King Lear Prizes
The King Lear Prizes is the new national creative arts competition for older people stuck at home because of Coronavirus. The competition’s name was inspired by William Shakespeare’s famous play, which was written around the time of outbreaks of the plague in London in 1605-06. The King Lear Prizes was launched to encourage people to produce new works of literature, drama, poetry, music and art during the pandemic. The King Lear Prizes are specifically for older people (those over 65) and for people who are keen amateurs or first-timers, rather than professionals. The latest round of the competition has just opened to entries and runs until 19th March 2021.
The competition accepts entries in poetry, real stories (short stories from people’s lives), art and musical performance and there are over £2,000 worth of prizes on offer. The winners will be picked by a panel of expert judges including Gyles Brandreth and Julian Lloyd Webber. You can enter at a level suitable for you, there are separate categories for beginners and the more experienced.

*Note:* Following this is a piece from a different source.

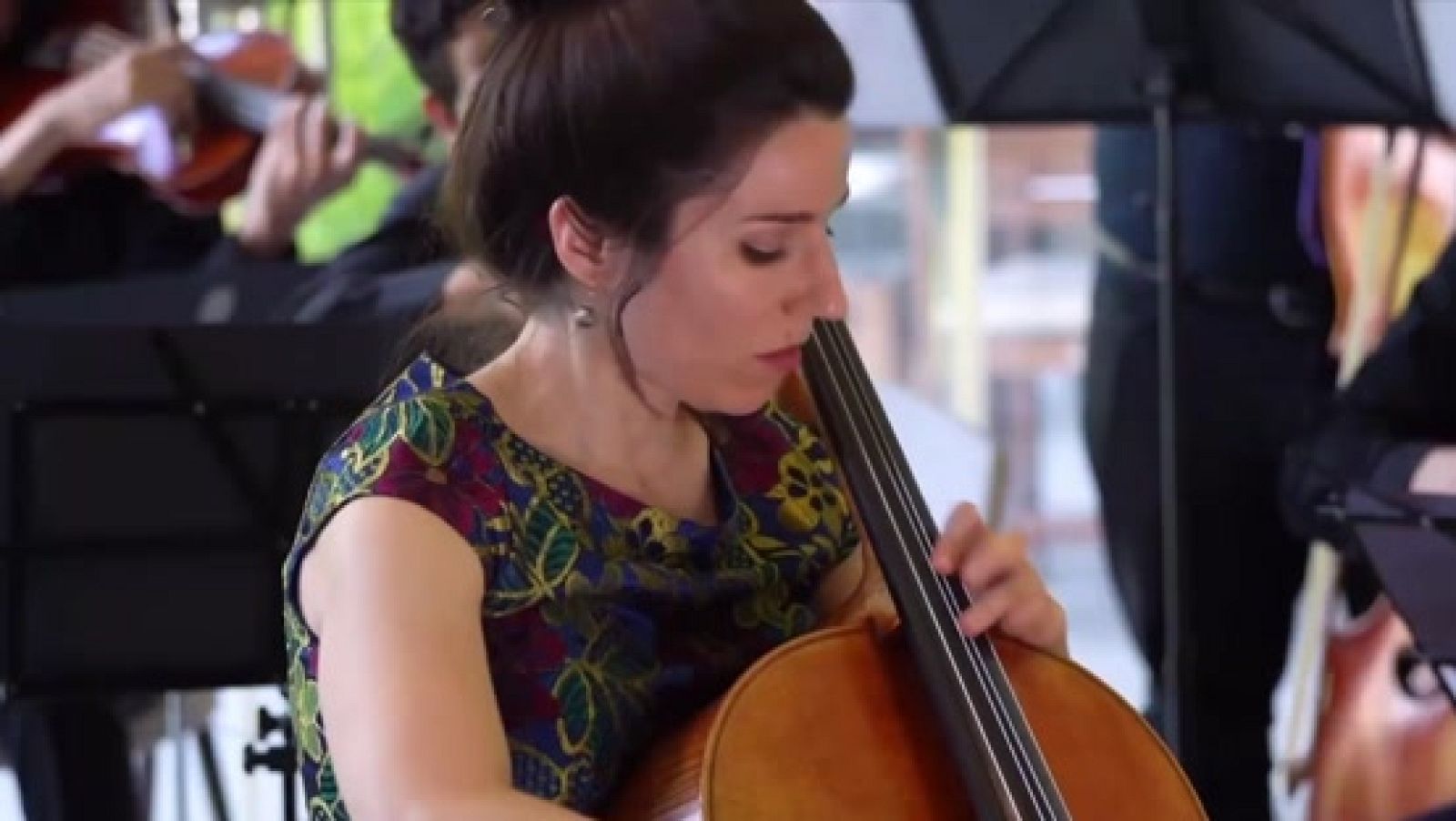 Andrea Casarrubios, la chelista española que triunfa en el mundo | Ver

The King Lear Prizes website at https://www.kinglearprizes.org.uk gives more information about the competition and the organisation which runs it. There is also the King Lear Arts club which is a free on-line Arts Club for the over 60s.
We have been approached by a research associate at Lancaster University who wonders whether members of Knutsford U3A might be interested in the opportunity to take part in in an online research study.

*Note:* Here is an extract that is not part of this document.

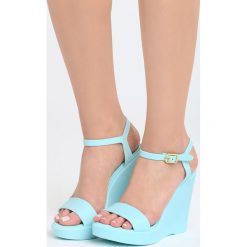 Niebieskie Sandały Hyppolite. Niebieskie sandały damskie Born2be, w paski, na koturnie. Za 44,99 zł.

Dr. Kate Slade works in the Psychology Department at the University and aims to understand the impact of social isolation (related to COVID-19) on both hearing and memory in two groups of people: older and younger adults. This research study is completely online so participants can take part from their home.
“Our research seeks to understand how social interaction (particularly affected by Covid-19, and related social distancing), might affect both hearing, and memory function. Right now, social interaction is more complicated than ever, and this might have repercussions for communication, particularly for people with hearing impairment. There is growing evidence for a relationship between hearing impairment and dementia in older age, and that social interaction may play a role in this. In our online research, we want to try to better understand the relationship between these things (socialisation, hearing, and memory).
Because the study is all online, you can take part from the comfort of your own home if you have access to a laptop, or computer. We are looking for adults between the ages of 60-85. To take part you must be a monolingual speaker of British English, and have no history of language, neurological, or psychiatric disorders. You will complete short online questionnaires and tasks as part of the study over the next 12 months. This will involve completing demographic questionnaires, memory tasks, hearing tests, and mental health questionnaires once each month. You will receive a small inconvenience allowance for your time taking part in the research in the form of shopping vouchers.”